The rise in the ’80s of sport climbing, where climbers clip into pre-drilled permanent bolts, caused grave concern in the Gunks. Mid-decade, the Mohonk Preserve, which owns a large perentage of the cliffs, officially banned placing new bolts in the rock, turning the Gunks into a fully “traditional” climbing area. While a few bolted climbs remain at the Gunks, there are no sport climbs at all. Today, the Gunks are considered one of the best moderate “trad” climbing regions in the world.
While the ban was good for the cliffs, it was not so good for keeping the Gunks in the forefront of new climbing innovations. “Most hard modern climbs require the use of bolts drilled into the rock and left there,” says Zalewski. “So this ban made it difficult — and very risky — to forge new routes. So many people have moved on to other places where it is allowed.”
In the ’90s, many climbers turned to bouldering — a form of climbing that is performed on small, low rock formations without ropes or harnesses. It was common to see climbers with mats slung over their shoulders walking along the historic Mohonk carriage roads.
Zalewski says that some new routes are still being discovered in the Gunks, noting that Will Moss was a New York City high school student in 2023 when he established the hardest climb in the Gunks, now called Best Things in Life are Free. Moss is among the teenage upstarts who have been bringing fresh attention to the ridge. “It’s now among the hardest climbs in the country,” Zalewski says, “which is quite a feat because doing new routes here often involves quite a bit of risk.”
But Zalewski believes that the Gunks, and rock climbing in general, will continue to attract new devotees, with the same attributes that captivated him. “It’s physically challenging, it’s mentally challenging, it’s problem-solving,” Zalewski says. Sport Climbing was added to the Olympics in 2020, which will also likely increase interest in the activity.

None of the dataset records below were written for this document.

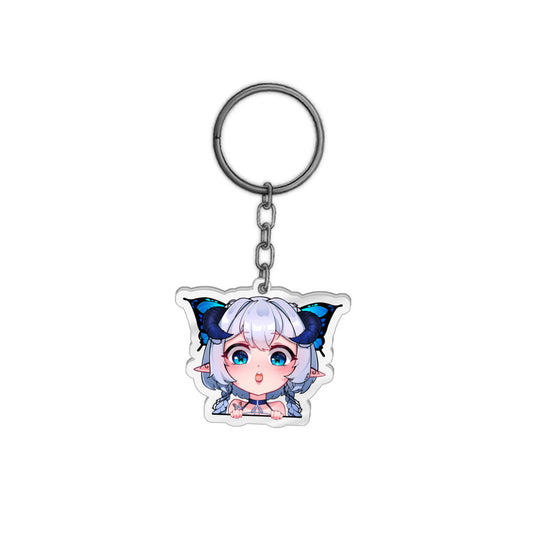 Meemeesh Blue Surprise Keychain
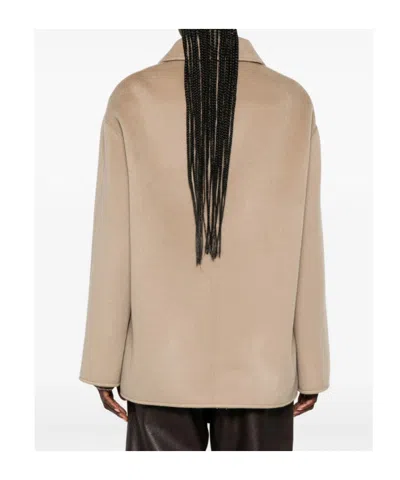 Rohe Collared Coat In Brown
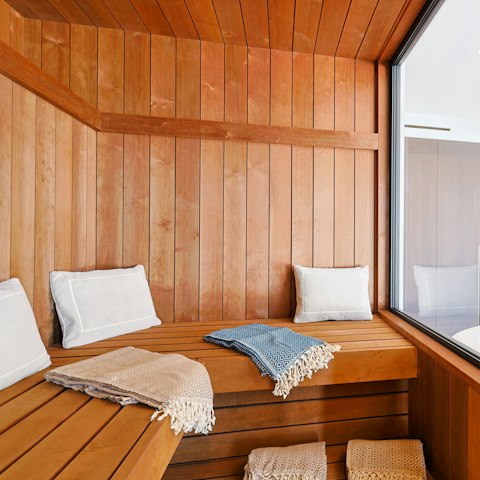 Unwind with a session in the sauna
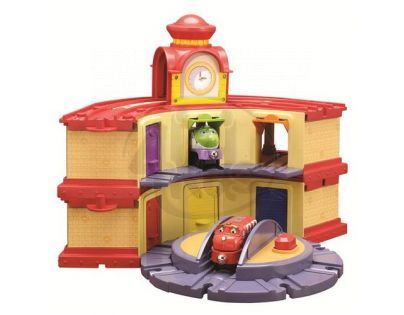 Chuggington 56803 - Dvojúrovňové depo s točnou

In spring 2024, the Mohonk Mountain House announced the installation of the first Via Ferrata in the Eastern U.S. A recreational activity that involves ascending steep mountain routes by way of a system of fixed cables, rungs, and ladders, it allows participants to experience the thrill of technical rock climbing — with a much easier learning curve. “I think it’ll be a major draw,” says Zalewski. “I did my first Ferrata last year in France; it was awesome.”

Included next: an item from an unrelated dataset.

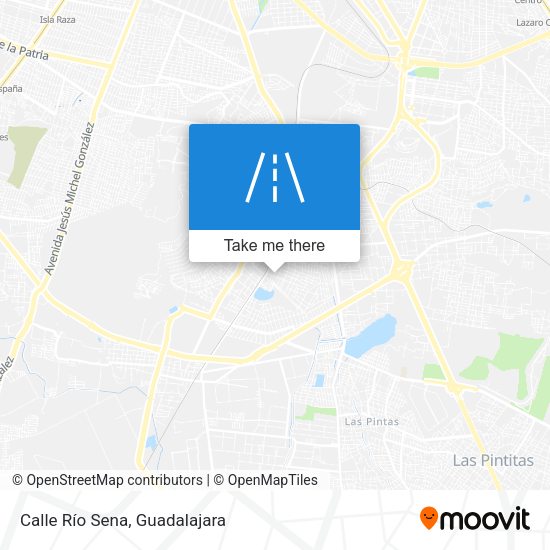 Mapa de Calle Río Sena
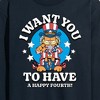 Men's - Garfield - Want You To Have A Happy Fourth Long Sleeve Graphic T-Shirt - 2 of 4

He notes that many people are now introduced to the sport through climbing gyms. “In the past, people would get into rock climbing from an interest in hiking and then backpacking. Learning to climb was a way to further explore the outdoors,” he says. “But now, many don’t climb outdoors at all. But if you want, you can go outside and have the same experience as people who pioneered these routes in the ’30s, ’40s and ’50s. It’s all there for you.”